(Originally printed in Times Higher Education on 22nd August 2021)
An initiative by the University Alliance to offer training and support to BAME scholars is an important step in the right direction, says Professor Vini Lander
The recent appearance on the BBC’s Newsnight programme of Stanley Johnson, the prime minister’s father, as an “environmentalist” caused quite a stir. After all, the UK’s universities are full of academics admirably well qualified to comment on the climate crisis. Why hadn’t the BBC given one of them a call?
But even if it had, it is likely that the figure the producers plumped for, while better qualified than Johnson to advise on how to avert catastrophe, would not have looked or sounded vastly different from him.
Too often, the voices we hear on the airwaves aren’t representative of the diverse pool of expertise available – either from the broad range of institutions within the sector or reflective of the backgrounds of those within them.
Universities have an active role to play in challenging this, and many are already doing so. Media offices are actively ensuring that the academics they offer up for media comment, across broadcast and print, represent the diversity of their academic bodies.
The UK’s University Alliance mission group has also launched a Driving Academic Diversity in our Media Voices campaign, both to highlight the growing list of diverse spokespeople already available and to develop more.
As one of the “media champions” recruited to support this campaign, I was invited to share my thoughts at the launch event on how initiatives like this can go further to drive diversity in the media, particularly for academics from black, Asian and minority ethnic backgrounds (which THE abbreviates to BAME).

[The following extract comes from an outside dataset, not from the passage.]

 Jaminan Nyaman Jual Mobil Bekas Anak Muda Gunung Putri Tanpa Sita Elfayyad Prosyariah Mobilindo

We know from research undertaken by Justin Shaw that academics are often hesitant to take up media opportunities and that they face barriers to engaging; this is especially true for academics of colour.
One of my initial reflections is that the challenge lies not only in diversifying the academy or the media but in institutions adapting themselves to better accommodate diversity. They need to commit to being race-cognisant and listening to and welcoming diverse voices and faces.
I have seen schemes to recruit BAME students to initial teacher training fail to retain them when those individuals face discrimination, tone policing or an absence of support, training or mentorship once within a post. In this way, being race-cognisant means not only opening the door but making sure those individuals can succeed once they’re inside.
This applies when we look at elevating diverse voices in the media. Initiatives to profile academics of colour as media champions should, of course, be welcomed, but it is crucial that we train and support them not just to relate their expertise but also to handle any hostile responses they may receive.
But before any of this happens, it’s important to acknowledge the experiences of BAME academics. If you had to deal with different forms of racism almost every day in your life, why would you put yourself in the spotlight and invite more?
We know from the statistics that BAME academics are more likely to experience hostility online or in the press than their white contemporaries and are particularly vulnerable to racialised comments and abuse. This is reflected even within academia. Academics of colour are less well evaluated and rated by students, and a contribution made by a black academic on a panel may be very similar to that made by their white colleague, but it’s far more likely that the black academic will attract derision and abuse as a result.
Hence, if universities and sector-representative groups are committing to elevating the voices of diverse academics within the media spotlight, the most important thing they can do is ensure that the support, guidance and, ultimately, protection are there for those who do step up, especially when things turn nasty.
I think this support starts with communicating directly with our BAME academics to understand the barriers they may face. The University Alliance’s Driving Academic Diversity campaign recently organised media training for more than 500 academics. This is a great start, but it is important to consider whether it meets the needs and specific experiences of the diverse group it is reaching. In light of this, University Alliance will be introducing specific training for academics of colour on, for example, how to approach a situation where there may be racialised comments, how to handle potential negative backlash, and methods and support groups to help maintain their well-being in such situations.
The peer-to-peer networks that the University Alliance is establishing are also extremely valuable, allowing BAME academics to discuss experiences and receive support from those more seasoned in media relations.
Given that universities have a long way to go towards hiring an ethnically diverse academic workforce, the burden of these opportunities is likely to continue to fall on a smaller number of academics of colour for some time to come. Universities need to be mindful of the mental health and well-being of these individuals, ensuring that they aren’t overwhelmed. Moreover, they should enable those who act as external experts to flourish professionally, offering them recognition and progression along with support to juggle internal workloads and external opportunities.
The University Alliance’s pioneering campaign is a much-needed step in the right direction. I look forward to using my role in it not only to support other academics but also to hold our institutions to account for the progress they make against the targets we have set.
Vini Lander is professor of race and education and director of the Centre for Race, Education and Decoloniality at Leeds Beckett University.